Karen answers BHJ MD

Comment by BHJ MD on March 28, 2009 8:43 pm


I find you fascinating and quite knowledgeable. I found your comments on the USoT message board quite useful in my practice. As a therapist I appreciate your concern in not claiming to be a professional. It’s quite thoughtful and sincere of you to share from your personal experiences. In fifteen years of medical school I have learned more from your input on D.I.D. than what was covered in text. I’d like to commend you for your effort to help. I have met Richard Baer. What he did was no easy task. As a medical professional I would have transfered you and treat only the medicinal part of your therapy. IMO it took two. You and Richard Baer.


Dear BHJ MD,

Thank you for all your compliments, especially in sharing that you have learned much about the illness through my answering questions. The main reason Dr. Baer and I shared our story in Switching Time was to bring awareness to the illness, multiplicity, in an accurate way. It has always been our hope to help others in the best way we could.

I am glad you met Dr. Baer and felt inspired by what he accomplished in his treatment of me. Although his task may have been difficult, you are right, it took the two of us to accomplish the miracle of healing me.  It was definitely impossible for me to heal from my past abuse on my own.
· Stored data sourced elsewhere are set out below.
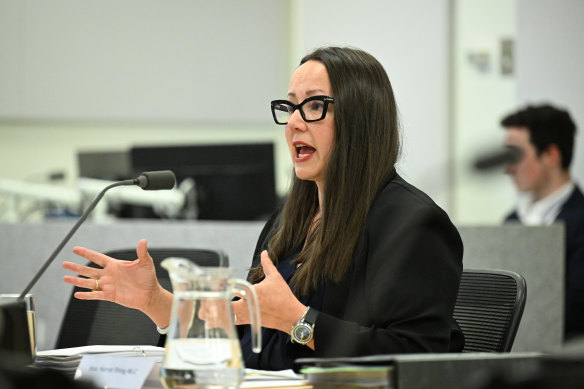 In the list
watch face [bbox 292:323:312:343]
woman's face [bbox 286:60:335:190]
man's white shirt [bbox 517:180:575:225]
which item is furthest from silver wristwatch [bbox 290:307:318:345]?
man's white shirt [bbox 517:180:575:225]

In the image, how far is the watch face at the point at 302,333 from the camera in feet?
4.40

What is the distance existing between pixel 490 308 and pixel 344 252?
0.32 m

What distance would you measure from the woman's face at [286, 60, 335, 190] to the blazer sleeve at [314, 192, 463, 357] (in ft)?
0.62

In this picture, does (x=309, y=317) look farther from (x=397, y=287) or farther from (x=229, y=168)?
(x=229, y=168)

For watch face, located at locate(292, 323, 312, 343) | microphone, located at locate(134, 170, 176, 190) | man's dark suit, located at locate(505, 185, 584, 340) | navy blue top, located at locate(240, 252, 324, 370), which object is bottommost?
man's dark suit, located at locate(505, 185, 584, 340)

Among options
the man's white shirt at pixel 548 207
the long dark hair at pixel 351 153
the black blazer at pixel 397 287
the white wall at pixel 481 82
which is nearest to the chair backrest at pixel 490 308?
the black blazer at pixel 397 287

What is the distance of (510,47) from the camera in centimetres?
536

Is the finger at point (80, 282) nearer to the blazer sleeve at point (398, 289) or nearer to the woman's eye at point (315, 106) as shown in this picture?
the blazer sleeve at point (398, 289)

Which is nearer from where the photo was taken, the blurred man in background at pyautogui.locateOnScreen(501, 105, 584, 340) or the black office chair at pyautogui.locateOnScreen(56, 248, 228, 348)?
the black office chair at pyautogui.locateOnScreen(56, 248, 228, 348)

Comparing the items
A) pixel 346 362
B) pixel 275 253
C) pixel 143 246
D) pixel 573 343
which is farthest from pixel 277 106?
pixel 573 343

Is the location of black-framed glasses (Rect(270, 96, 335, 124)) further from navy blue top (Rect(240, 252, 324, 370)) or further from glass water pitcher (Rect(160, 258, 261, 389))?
glass water pitcher (Rect(160, 258, 261, 389))

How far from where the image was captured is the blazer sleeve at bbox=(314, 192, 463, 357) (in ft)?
4.38

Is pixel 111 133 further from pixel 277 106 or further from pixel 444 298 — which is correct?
pixel 444 298

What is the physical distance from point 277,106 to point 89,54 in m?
4.47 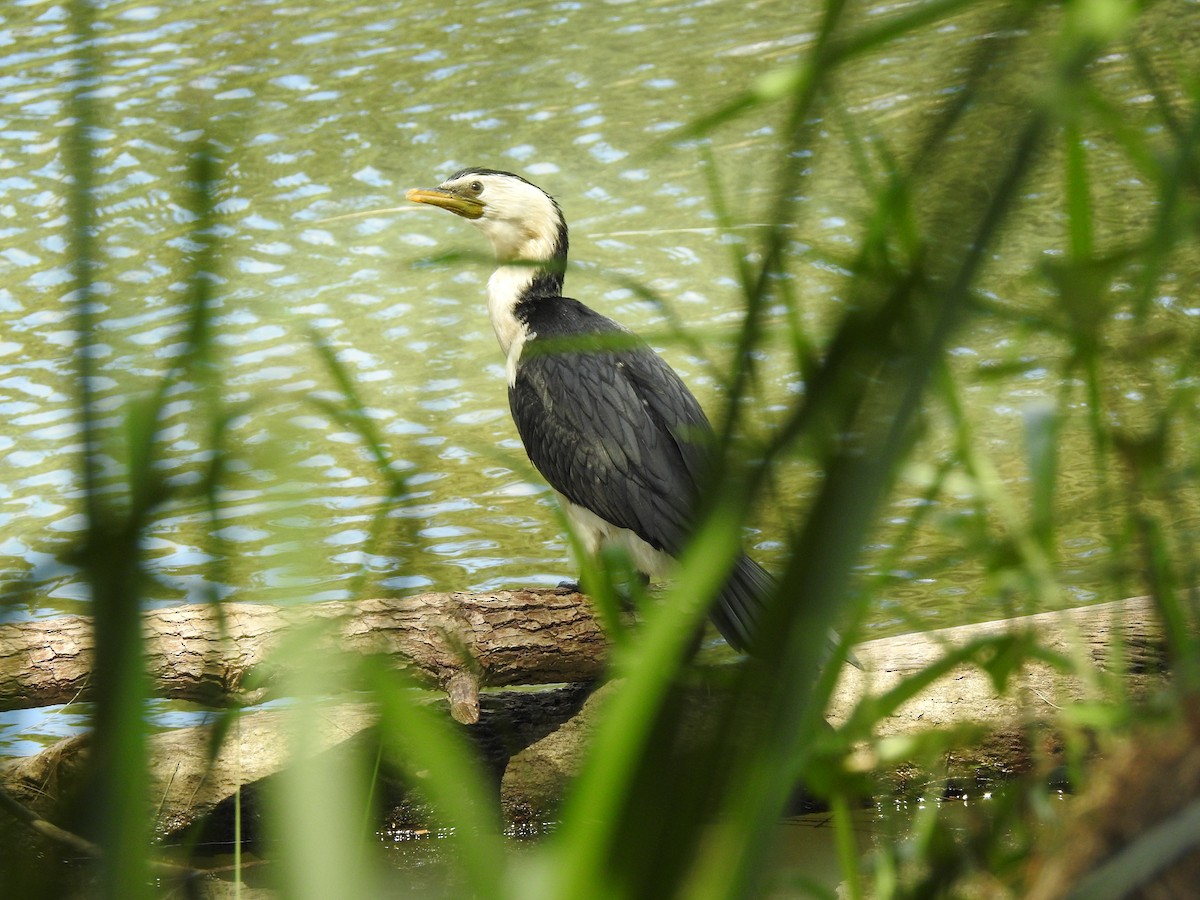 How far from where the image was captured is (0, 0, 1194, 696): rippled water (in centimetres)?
449

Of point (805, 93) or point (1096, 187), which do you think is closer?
point (805, 93)

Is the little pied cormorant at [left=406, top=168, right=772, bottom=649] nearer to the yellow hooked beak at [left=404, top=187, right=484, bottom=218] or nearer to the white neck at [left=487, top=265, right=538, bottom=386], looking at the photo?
the white neck at [left=487, top=265, right=538, bottom=386]

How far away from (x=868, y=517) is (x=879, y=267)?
0.39 feet

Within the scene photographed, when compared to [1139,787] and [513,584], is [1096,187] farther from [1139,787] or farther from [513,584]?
[1139,787]

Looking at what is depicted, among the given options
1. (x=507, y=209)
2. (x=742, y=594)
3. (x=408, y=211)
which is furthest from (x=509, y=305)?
(x=742, y=594)

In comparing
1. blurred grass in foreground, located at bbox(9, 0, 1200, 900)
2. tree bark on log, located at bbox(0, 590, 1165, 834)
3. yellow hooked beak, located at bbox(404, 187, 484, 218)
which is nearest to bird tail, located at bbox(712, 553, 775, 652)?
tree bark on log, located at bbox(0, 590, 1165, 834)

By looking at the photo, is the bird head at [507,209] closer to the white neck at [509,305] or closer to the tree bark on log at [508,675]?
the white neck at [509,305]

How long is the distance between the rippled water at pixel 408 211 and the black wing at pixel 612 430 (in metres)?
0.19

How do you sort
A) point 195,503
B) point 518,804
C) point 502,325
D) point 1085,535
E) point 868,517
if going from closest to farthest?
point 868,517
point 195,503
point 518,804
point 502,325
point 1085,535

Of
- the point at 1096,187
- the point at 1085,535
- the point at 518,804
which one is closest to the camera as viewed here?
the point at 518,804

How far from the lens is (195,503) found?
65cm

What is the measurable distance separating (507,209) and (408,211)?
0.67m

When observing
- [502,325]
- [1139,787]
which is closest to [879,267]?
[1139,787]

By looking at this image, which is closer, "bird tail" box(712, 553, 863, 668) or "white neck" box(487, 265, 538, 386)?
"bird tail" box(712, 553, 863, 668) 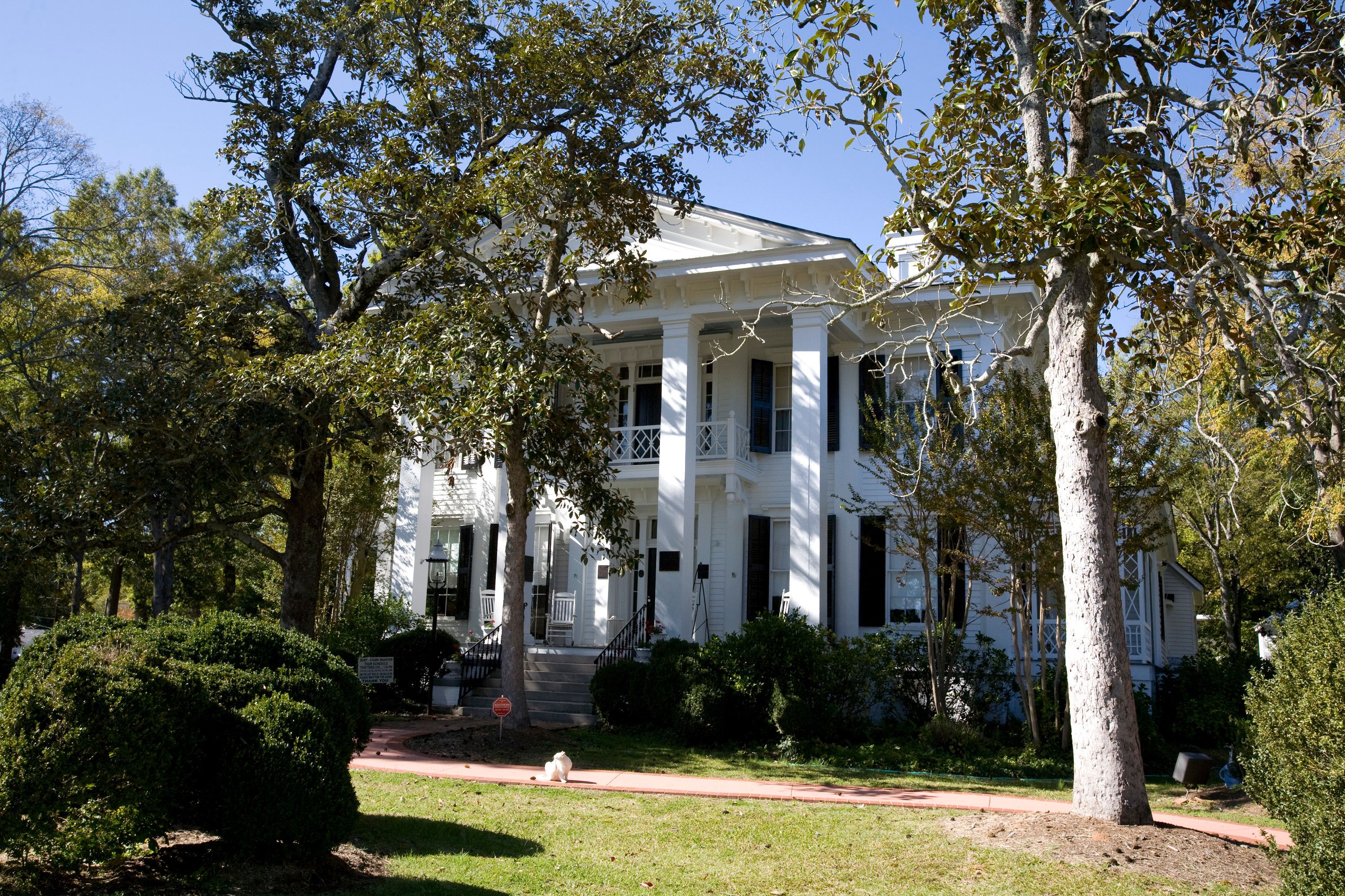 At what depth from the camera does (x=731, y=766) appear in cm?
1289

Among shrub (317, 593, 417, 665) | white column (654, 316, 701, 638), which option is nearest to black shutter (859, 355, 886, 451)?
white column (654, 316, 701, 638)

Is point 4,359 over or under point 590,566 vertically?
over

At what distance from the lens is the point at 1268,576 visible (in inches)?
1180

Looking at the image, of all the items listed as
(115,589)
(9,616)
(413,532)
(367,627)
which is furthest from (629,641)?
(115,589)

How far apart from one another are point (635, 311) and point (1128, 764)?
520 inches

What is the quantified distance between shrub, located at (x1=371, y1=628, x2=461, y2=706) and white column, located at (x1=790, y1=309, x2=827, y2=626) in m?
6.79

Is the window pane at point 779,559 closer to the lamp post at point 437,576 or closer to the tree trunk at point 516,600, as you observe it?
the lamp post at point 437,576

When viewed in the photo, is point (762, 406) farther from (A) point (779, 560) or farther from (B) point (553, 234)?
(B) point (553, 234)

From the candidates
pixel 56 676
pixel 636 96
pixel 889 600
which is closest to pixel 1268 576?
pixel 889 600

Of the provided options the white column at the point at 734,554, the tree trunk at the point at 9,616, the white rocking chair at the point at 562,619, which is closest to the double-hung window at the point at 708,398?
the white column at the point at 734,554

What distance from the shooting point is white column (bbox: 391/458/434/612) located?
21.2 meters

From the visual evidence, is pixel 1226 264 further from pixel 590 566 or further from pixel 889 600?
pixel 590 566

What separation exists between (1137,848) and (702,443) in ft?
43.5

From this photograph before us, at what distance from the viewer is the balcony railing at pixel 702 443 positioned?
1916 centimetres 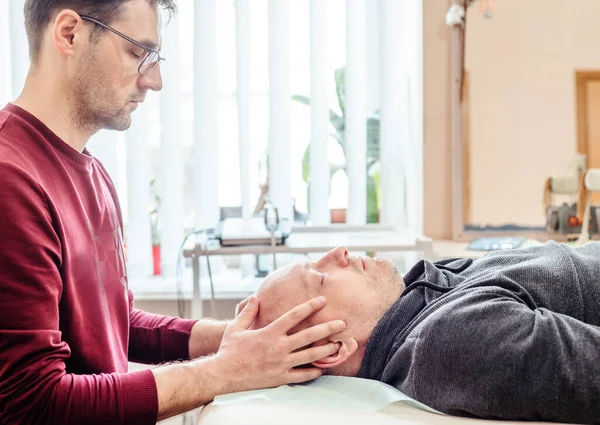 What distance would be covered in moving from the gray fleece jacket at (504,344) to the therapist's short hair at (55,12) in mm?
789

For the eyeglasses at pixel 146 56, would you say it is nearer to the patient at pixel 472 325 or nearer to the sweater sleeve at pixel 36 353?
the sweater sleeve at pixel 36 353

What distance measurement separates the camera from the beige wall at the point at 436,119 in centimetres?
252

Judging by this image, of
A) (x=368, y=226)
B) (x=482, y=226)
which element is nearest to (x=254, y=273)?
(x=368, y=226)

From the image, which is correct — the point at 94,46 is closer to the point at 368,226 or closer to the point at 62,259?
the point at 62,259

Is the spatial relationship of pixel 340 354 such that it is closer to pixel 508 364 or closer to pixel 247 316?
pixel 247 316

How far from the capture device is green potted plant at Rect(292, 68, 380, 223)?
8.29 feet

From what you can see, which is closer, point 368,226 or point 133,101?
point 133,101

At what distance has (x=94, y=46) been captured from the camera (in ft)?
4.01

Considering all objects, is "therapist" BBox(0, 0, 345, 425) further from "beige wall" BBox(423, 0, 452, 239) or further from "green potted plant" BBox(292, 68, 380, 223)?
"beige wall" BBox(423, 0, 452, 239)

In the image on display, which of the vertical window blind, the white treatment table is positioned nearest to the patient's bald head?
the white treatment table

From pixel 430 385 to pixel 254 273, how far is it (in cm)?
163

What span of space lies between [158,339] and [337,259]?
47cm

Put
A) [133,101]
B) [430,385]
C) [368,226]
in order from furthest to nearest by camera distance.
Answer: [368,226], [133,101], [430,385]

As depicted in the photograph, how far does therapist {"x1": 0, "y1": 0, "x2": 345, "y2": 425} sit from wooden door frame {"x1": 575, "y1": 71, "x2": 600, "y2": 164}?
1671mm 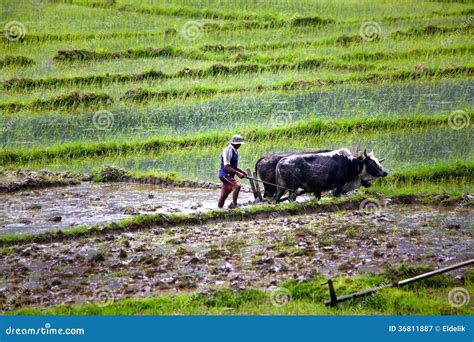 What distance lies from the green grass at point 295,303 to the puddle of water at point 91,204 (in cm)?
173

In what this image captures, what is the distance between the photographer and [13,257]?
7.55 metres

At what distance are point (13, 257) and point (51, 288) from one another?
2.65 feet

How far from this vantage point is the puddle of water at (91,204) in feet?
27.3

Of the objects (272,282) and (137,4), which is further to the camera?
(137,4)

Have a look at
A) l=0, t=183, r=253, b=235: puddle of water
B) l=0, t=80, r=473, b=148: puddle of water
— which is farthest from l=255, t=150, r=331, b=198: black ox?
l=0, t=80, r=473, b=148: puddle of water

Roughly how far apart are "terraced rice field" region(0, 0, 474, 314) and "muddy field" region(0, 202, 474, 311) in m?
0.02

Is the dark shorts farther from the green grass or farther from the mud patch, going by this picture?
the mud patch

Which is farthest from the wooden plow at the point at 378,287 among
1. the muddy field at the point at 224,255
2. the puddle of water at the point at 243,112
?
the puddle of water at the point at 243,112

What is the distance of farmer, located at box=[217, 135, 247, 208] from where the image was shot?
8.36 meters

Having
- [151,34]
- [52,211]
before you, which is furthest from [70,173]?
[151,34]

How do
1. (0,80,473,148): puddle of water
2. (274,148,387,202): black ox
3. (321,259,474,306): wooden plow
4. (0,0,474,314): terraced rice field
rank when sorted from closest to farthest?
1. (321,259,474,306): wooden plow
2. (0,0,474,314): terraced rice field
3. (274,148,387,202): black ox
4. (0,80,473,148): puddle of water

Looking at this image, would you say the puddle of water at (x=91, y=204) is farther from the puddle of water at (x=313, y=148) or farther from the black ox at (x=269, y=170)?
the puddle of water at (x=313, y=148)

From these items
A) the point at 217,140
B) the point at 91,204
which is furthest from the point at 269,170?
the point at 91,204

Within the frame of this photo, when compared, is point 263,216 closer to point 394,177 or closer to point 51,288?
point 394,177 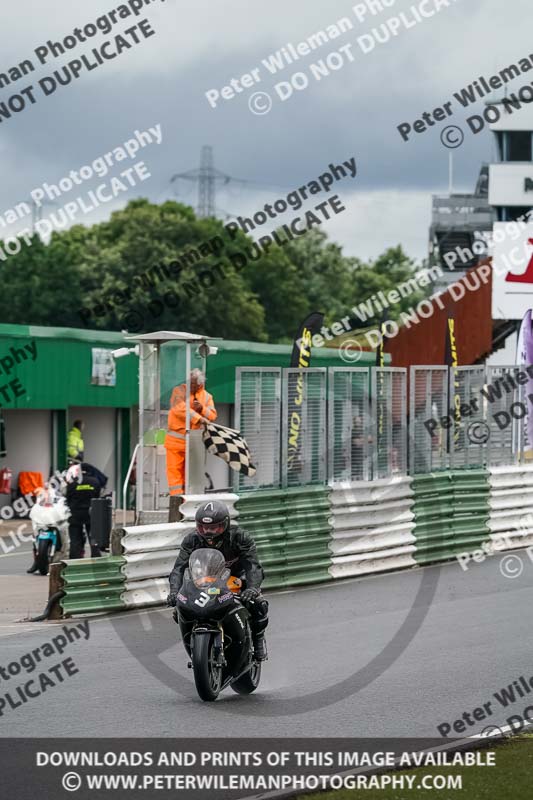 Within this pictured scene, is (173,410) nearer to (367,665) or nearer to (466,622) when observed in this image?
(466,622)

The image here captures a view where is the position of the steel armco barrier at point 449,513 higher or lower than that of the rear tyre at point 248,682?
higher

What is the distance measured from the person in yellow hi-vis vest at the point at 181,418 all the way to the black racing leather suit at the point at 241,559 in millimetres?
7696

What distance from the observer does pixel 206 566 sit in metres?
9.80

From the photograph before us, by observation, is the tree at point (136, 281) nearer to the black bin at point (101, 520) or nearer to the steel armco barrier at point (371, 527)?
the steel armco barrier at point (371, 527)

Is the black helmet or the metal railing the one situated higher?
the metal railing

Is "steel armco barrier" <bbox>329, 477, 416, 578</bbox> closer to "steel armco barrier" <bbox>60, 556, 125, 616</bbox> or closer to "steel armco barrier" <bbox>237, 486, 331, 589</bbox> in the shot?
"steel armco barrier" <bbox>237, 486, 331, 589</bbox>

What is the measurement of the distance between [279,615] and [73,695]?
15.2ft

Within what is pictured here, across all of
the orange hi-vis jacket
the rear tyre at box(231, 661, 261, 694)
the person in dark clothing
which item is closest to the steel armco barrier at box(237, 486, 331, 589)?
the orange hi-vis jacket

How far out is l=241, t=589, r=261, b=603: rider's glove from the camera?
9.98 meters

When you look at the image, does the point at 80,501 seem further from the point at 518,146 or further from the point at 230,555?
the point at 518,146

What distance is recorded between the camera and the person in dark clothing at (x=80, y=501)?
1897 cm

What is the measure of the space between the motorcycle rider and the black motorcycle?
0.43 feet

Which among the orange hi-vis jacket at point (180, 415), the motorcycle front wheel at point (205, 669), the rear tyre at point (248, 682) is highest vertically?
the orange hi-vis jacket at point (180, 415)

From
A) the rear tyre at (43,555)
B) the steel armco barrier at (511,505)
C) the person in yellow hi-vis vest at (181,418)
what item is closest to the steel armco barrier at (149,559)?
the person in yellow hi-vis vest at (181,418) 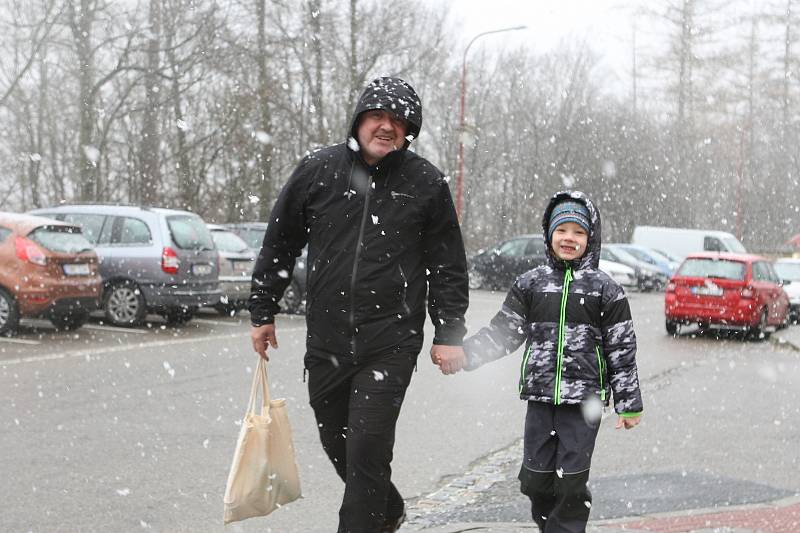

I needed help. I had endured so much that I never thought I’d be alive today.  Dr. Baer never once gave up on me. I will always be grateful.  I believe we each benefited from our work together by respecting each other for who we are.

Thank you for being honest sharing that you would refer a patient like me to someone else. That’s a very important part of being a therapist, to know at the beginning of treatment that you couldn’t deal with someone like me. Dr. Baer hesitated at first, but then took me on wholeheartedly. If Dr. Baer had sent me off to another therapist after working with me for awhile, I would’ve ended my life. Multiples like me don’t take rejection well. It’s always best to cut off the therapy, if necessary, early on with a multiple, before the multiple starts to build trust with the therapist. Any doctor who choses to treat a multiple needs to know this. Otherwise, the pain endured will devastate the multiple forever, and may even lead to the multiple’s death by suicide.